In un secondo tempo lo punzecchio, dicendogli che, se mi aveva raggiunto in quel contesto da solitari, ci doveva essere una motivazione seria.

<<Credo sia arrivato il momento di scoprire alcune carte. Te lo meriti, Dani.>>

<<Santo Dio, allacciamoci le cinture.>>

<<Alla fine della scuola, tre di voi verranno con me. È un grande progetto, credimi. Te lo giuro su mio figlio Bruno.>> L’aeromobile di Gabriel sta scaldando i motori; dopo interminabili chiacchiere e pippe mentali, si sta incominciando a toccare qualcosa con mano.  

<<Politico, scientifico o cos’altro?>>

     <<Ma sempre per settori ragionate? In parole povere, è tempo di cambiare questa misera società. Creeremo una comunità-stato, in grado di garantirsi da sola i bisogni primari: cibo, una casa, vestiti, energia pulita.>> Non me l’aspettavo che la rivelazione prendesse questa piega da visionario scenario postatomico. Chiaramente si sarebbe scelto un luogo adeguato, al di fuori del trambusto della civiltà.

     <<Quali sono i compiti dei tre. Forse dirigere le aree della scienza, delle arti e dell’etica?>>

     Mi riappaiono le balorde idee di Monica, quel giorno che aveva parlato dei “tre ministeri”: dunque la bruciata – non si sa come – aveva scoperto prima di ogni altro le vere intenzioni del folle?

     Scuote la testa: <<Troppi film avete visto. Roba più pratica>>. Un’inalata di tabacco. <<Uno si occuperà dell’economia della comunità. Un altro legifererà le regole di convivenza. E il terzo, l’umanista, si occuperà dell’istruzione degli uomini e delle donne del domani.>>

     <<E chi amministrerà la giustizia interna?>>.

    <<Ovviamente tutti e tre.>> Il baffuto sta indubbiamente almeno cinquant’anni avanti sul nostro tempo. <<E tu, caro>>, fece un largo sorriso, <<sarai il seminatore dei nostri ragazzi. Beninteso, non sei obbligato ad accettare.>> Aggiunge anche che  non avrebbe vissuto stabilmente nella comunità, ma sarebbe rimasto in continuo contatto con la triarchia.

     <<In sintesi,  vorresti fondare uno Stato nuovo di zecca.>>

    <<Sei distratto, Dani. Fondare uno Stato nuovo è im-pos-si-bi-le, oggi.>> Congiunge e muove le mani da comunicatore consumato. <<Partire da zero: creare una piccola comunità autosufficiente.
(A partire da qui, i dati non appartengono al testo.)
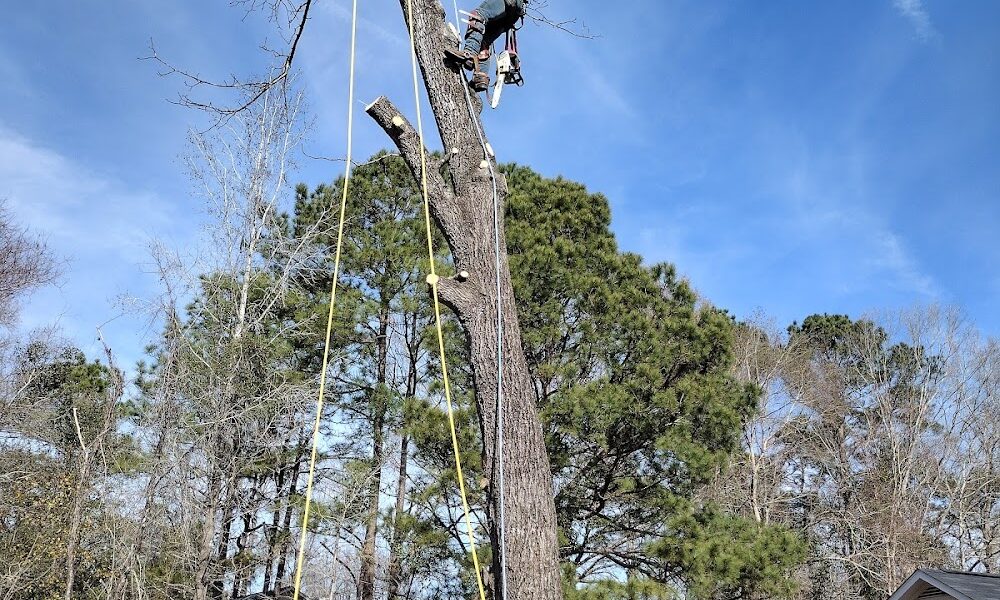 Mixteco Tree Service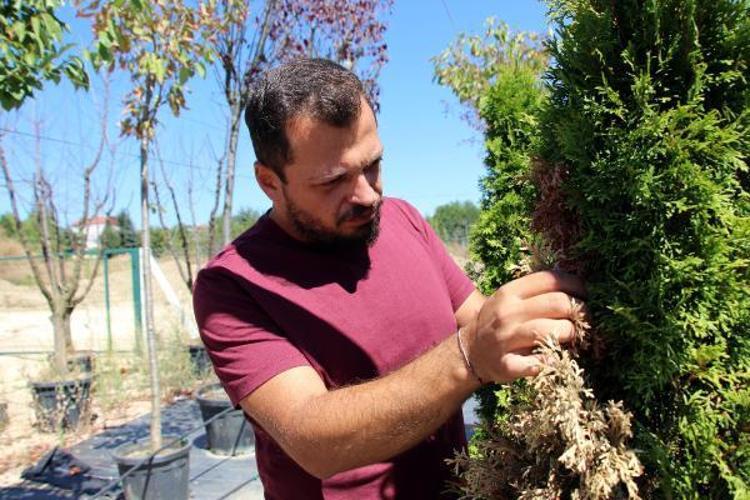 BÖCEK ZARARLARI DA YAPRAKLARIN ERKEN SARARMASINA YOL AÇAR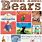 Preschool Bear Books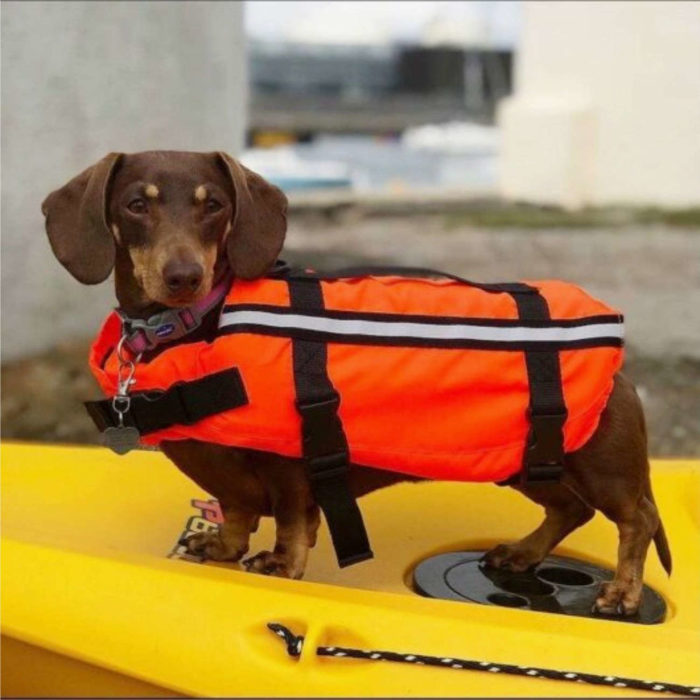 Typhoon Totland Dog Vest - Kayaking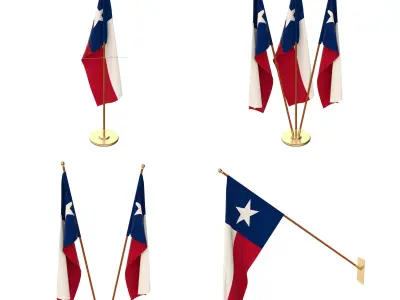 Texas Flag Pack 3D model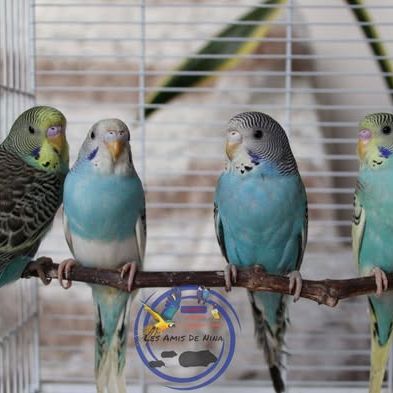 Perruches ondulées de couleur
Mattoncino dopo mattoncino poi ne spunteranno altre come caramelle.>>

     <<E i valori?>>

    <<Lavoro e cooperazione. Ma alle spalle c’è un progetto: non c’è politica seria senza progettazione.>> 

     <<È dura, dovrei rinunciare all’Università>>.

    Lui  sorride divertito e spalanca le  braccia, con la testa  incassata fra le spalle:   <<Cribbio, ne avrai una tutta per te!>>.

   Sono onorato della nomina, nondimeno quelle parole, assieme alla brezza impregnata di sale, mi stordiscono; ero convinto che avrebbe sempre mantenuto quella insopportabile ambiguità, pur di non svelare il seguito dell’avventura.